Cybersecurity researchers and the U.S. Cyber Command are warning users about a decade-old buffer overflow bug in sudo that can grant root access to malicious users with low level access to systems.
The vulnerability, discovered by Qualys and nicknamed “Baron Samedit,” affects all versions of Linux Qualys has tested against. The glitch allows users, even those off of sudoers list, to gain root access. It has been patched in the latest release of sudo.
“Any user – even the lowest of the low privileged – can access root,” said Mehul Revankar, vice president of product management and engineering at Qualys.
Though other Sudo vulnerabilities have been found in the past, it’s rare that a bug affects any account, rather than accounts meeting specific conditions.
“We expect millions of systems to be affected,” said Revankar.
The name is a play on Voodoo loa (and occasional James Bond villain) Baron Samedi and sudoedit. Samedi is the top-hatted master of the dead, preventing the buried from returning as zombies. Sudoedit allows users with lesser privileges edit files.
U.S. Cyber Command and others have rushed to recommend Unix and Linux users update systems.
“We recommend applying patches as soon as available.
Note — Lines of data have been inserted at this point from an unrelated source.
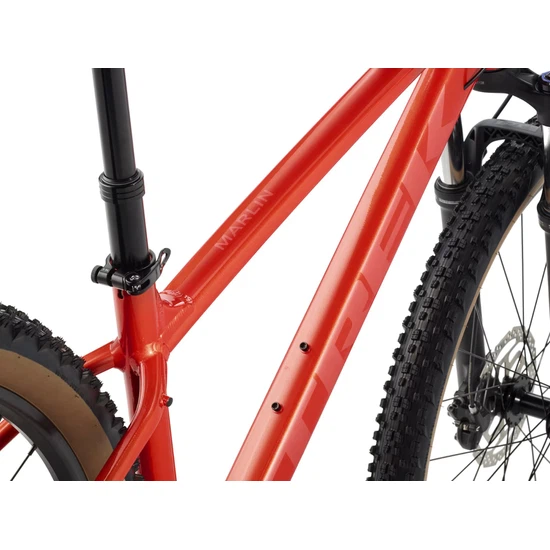 Rower TREK 2026 Marlin 6 Gen 3 (Lava) _6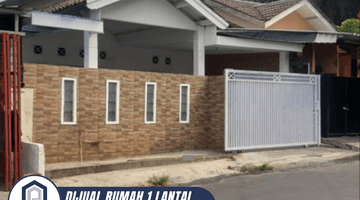 Gambar 1 Dijual Rumah Siap Huni Perumahan Villa Dago Tol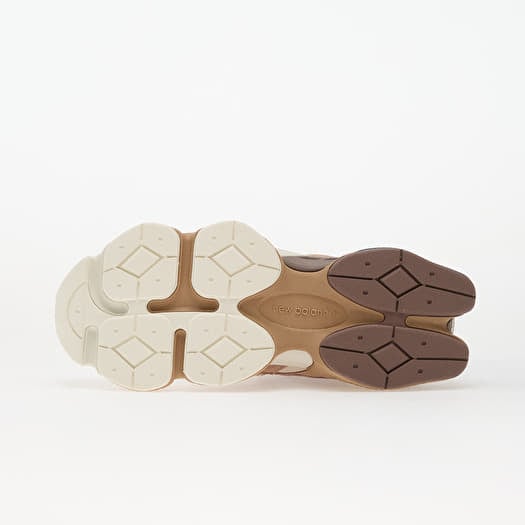 New Balance 9060 Earth Shadow/ Flat Taupe/ Bisque | Queens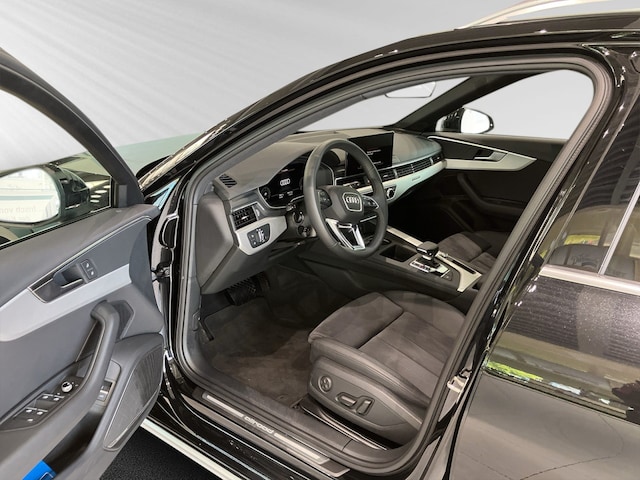 Audi A4 allroad 40 TDI Quattro S-Tronic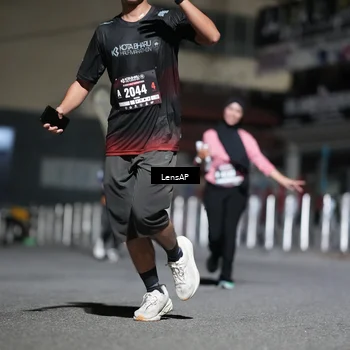 Runner Photo 5743179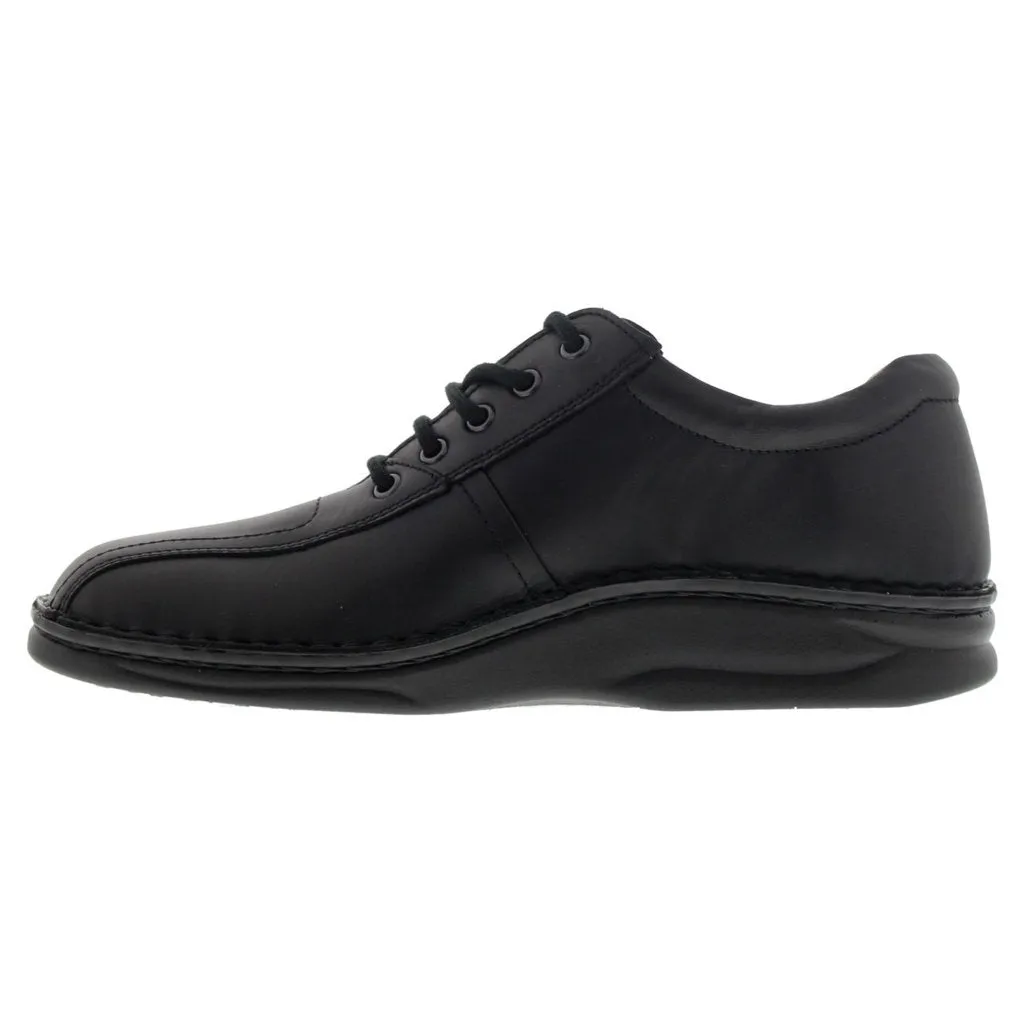 Finn Comfort Dijon Leather Men's Casual Shoes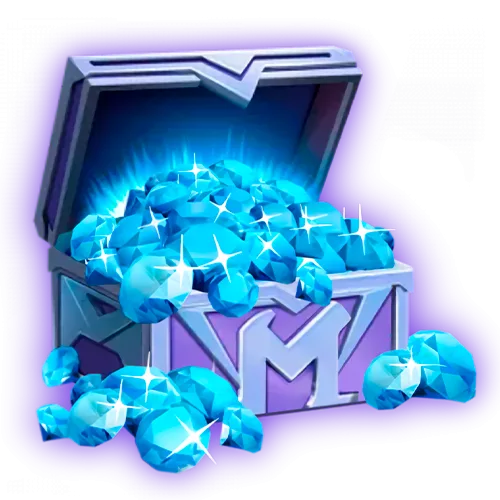 1186 +224 Алмазов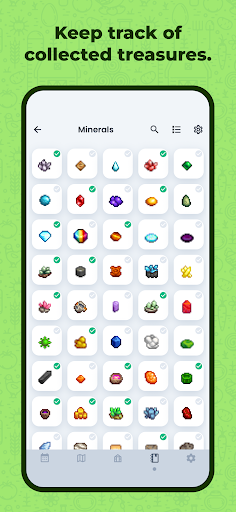Stardew Valley Tracker Bildschirmfoto 11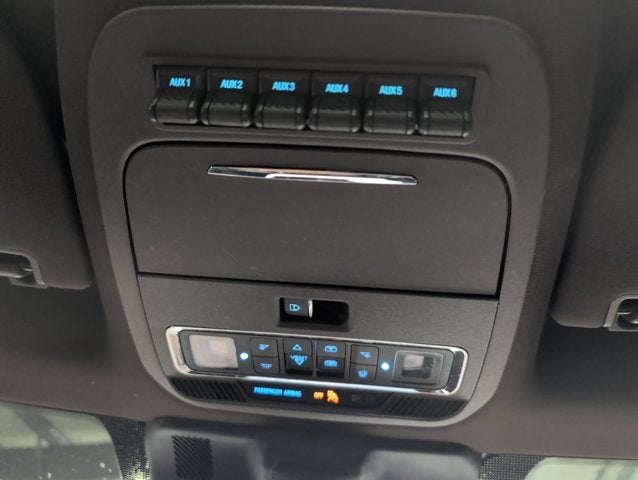 2023 Ford F-250 Super Duty King Ranch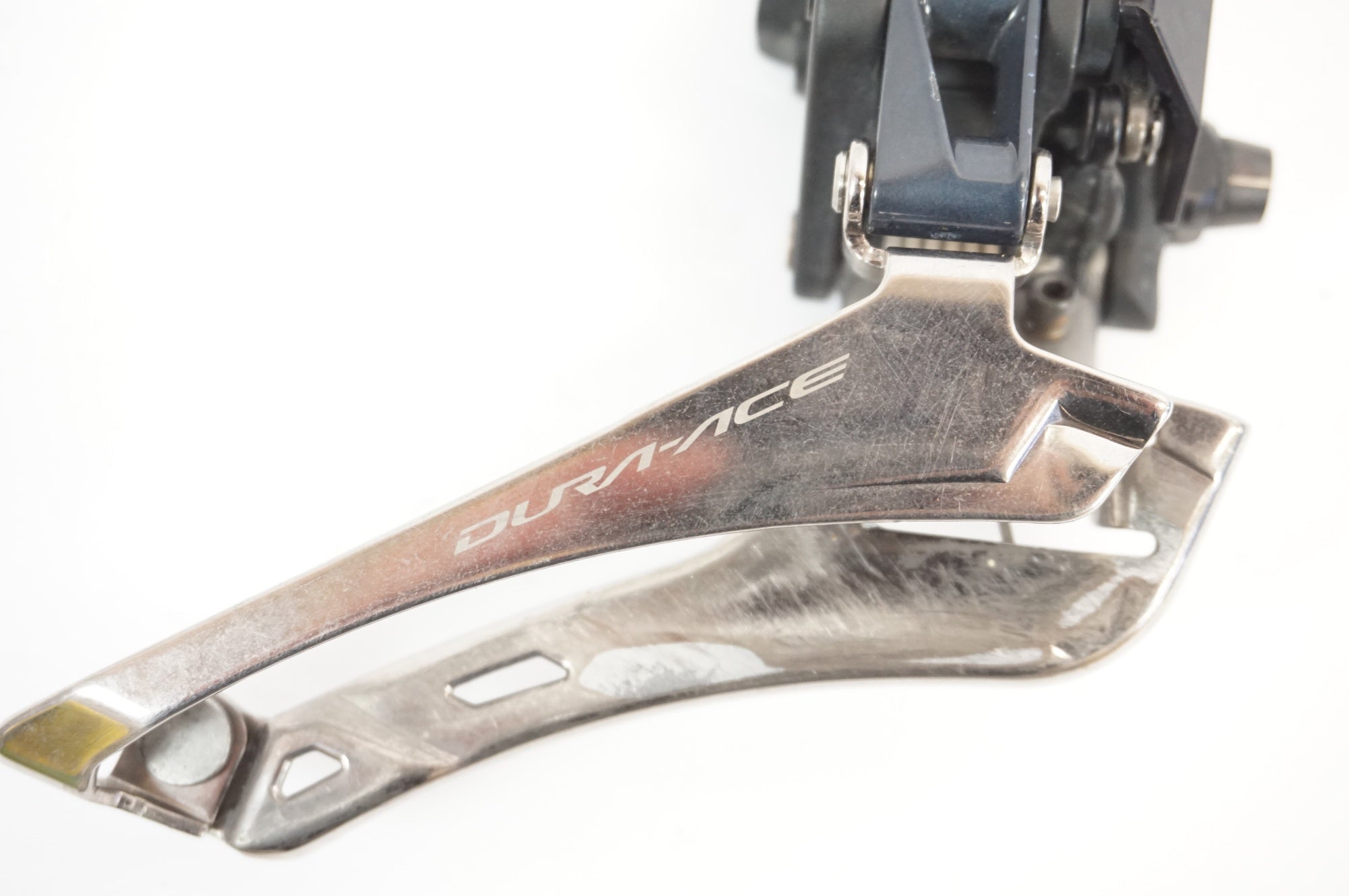 SHIMANO 「シマノ」 DURA-ACE DI2 FD-R9150 フロントディレイラー / 宇都宮店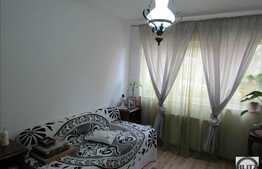 3 camere, 59 mp utili, balcon inchis! Loc de parcare! Zona POLUS CENTER!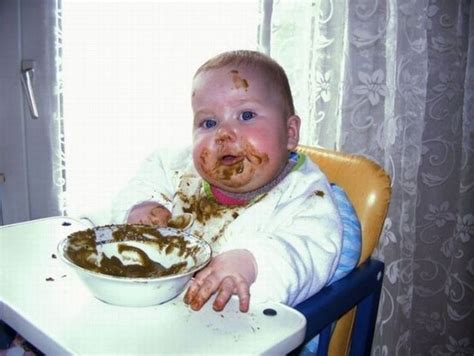Funny Images Eating Food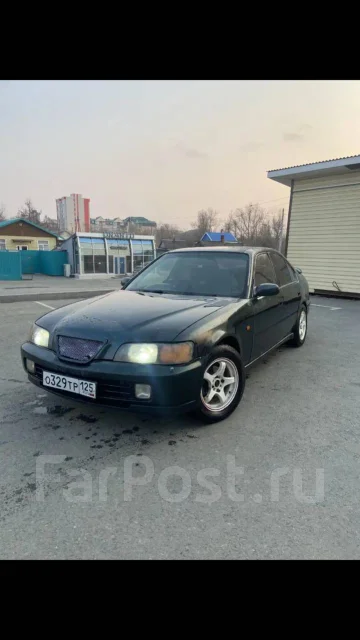 Honda Rafaga. ��������, ��������, 2.0 (160��.�.), ������, 260 000����. �� ����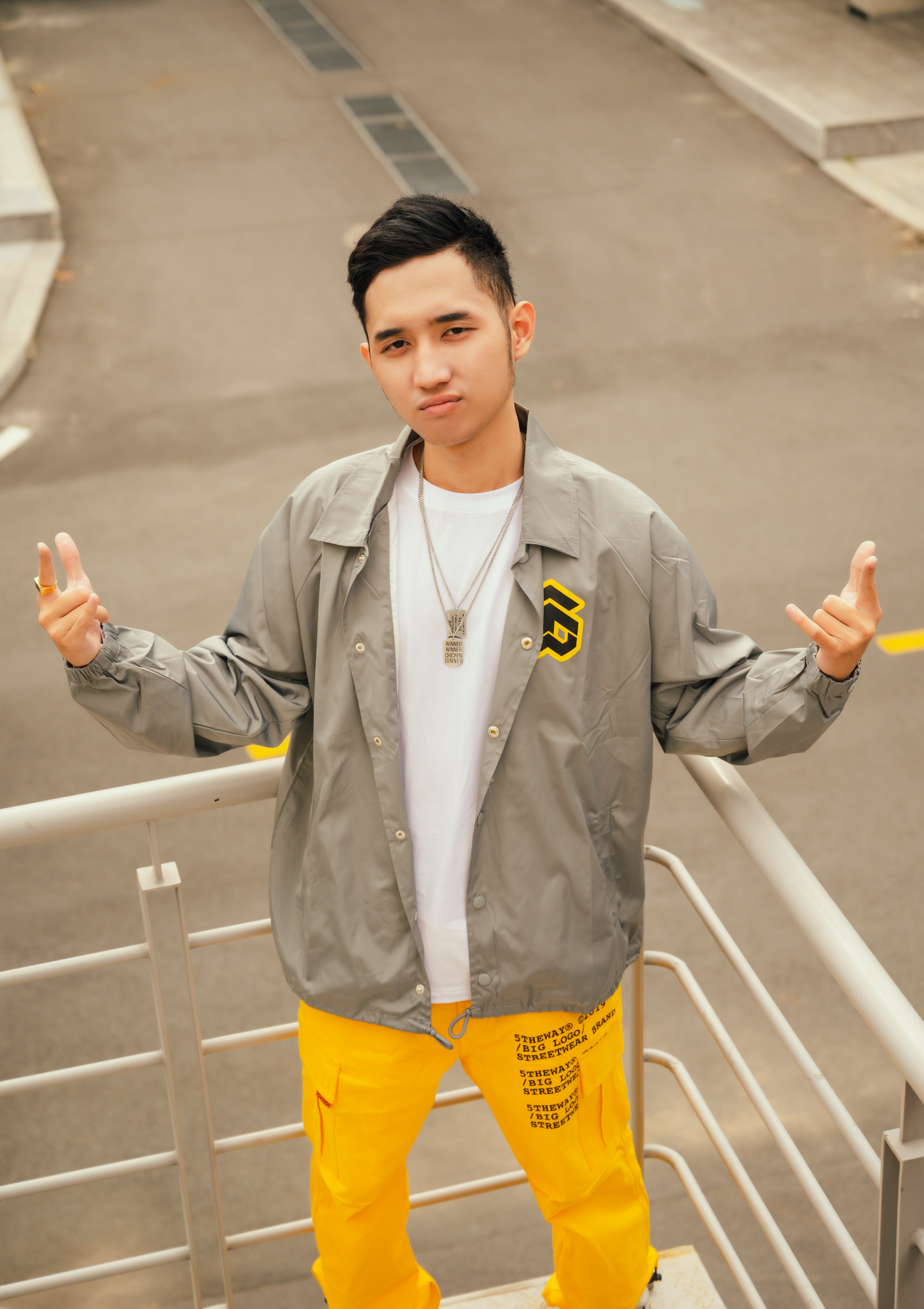 Duy Andy Rap Viet anh 5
This is a far more dangerous #Sudo vulnerability than seen in the rescent [sic] past,” tweeted CYBERCOM midday Wednesday.
Revankar said that the reason the vulnerability went under the radar since being introduced in 2011 was likely that it requires two vulnerabilities to operate, and people who found only one may not have seen the full picture.
“It’s one of the most beautiful bugs I’ve seen,” said Revankar. “And if it fell into the wrong hands, very bad things could happen.”